But if you keep your camera close by and observe the scenes that unfold throughout the day, you might be able to capture some great photos that could work for commercial and editorial stock.

Here are a few examples of daily life that you can photograph:

Hanging out with friends

Since the world is slowly reopening, people are rushing to meet up and socialize.

Take advantage of those reunions to document the gatherings of friends and family. Whether it’s a meal shared together in the backyard or a casual hangout to catch up, have your camera at the ready to capture those genuine moments of interaction.

Meal preparation

Photos of food are always popular and never go out of style. Next time you or someone else is preparing a meal, grab your camera and snap away!

Put a little extra effort into the presentation and take a few shots of the finished meal, but don’t forget to document the different steps of the preparation as well, including photos of the ingredients.

This is exactly what I did with this stack of pancakes I prepared one morning at home.

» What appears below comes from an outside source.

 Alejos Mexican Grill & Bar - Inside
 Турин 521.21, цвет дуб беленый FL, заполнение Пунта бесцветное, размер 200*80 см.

Not only was it delicious, it also brought me some money on stock as well!

Grocery shopping

Grocery shopping can seem uninteresting. But it’s also a great place to take stock photos. In fact, any shopping spree can turn into a photo opportunity, especially if you have someone tag along with you.

Ask your model to pick items and move around to find different angles. You can use a shallow depth of field to blur the background and hide all the product names and other shoppers.

And here’s a little tip: Take photos at the vegetable aisle. It’s easier because there are often no obvious product names standing out.

Movie nights

Having a movie night with your kids, grandchildren or just friends? Grab that camera and capture their expressions during the different scenes.

You can underexpose the image to darken the background and hide all the distractions. Just make sure you pay attention to your shutter speed to avoid getting blurry shots. A tripod is highly recommended.

As you can see, opportunities are everywhere in our seemingly boring daily routine. You only need to have your camera close by and watch for those candid moments to capture small snippets of life and hopefully turn them into extra cash.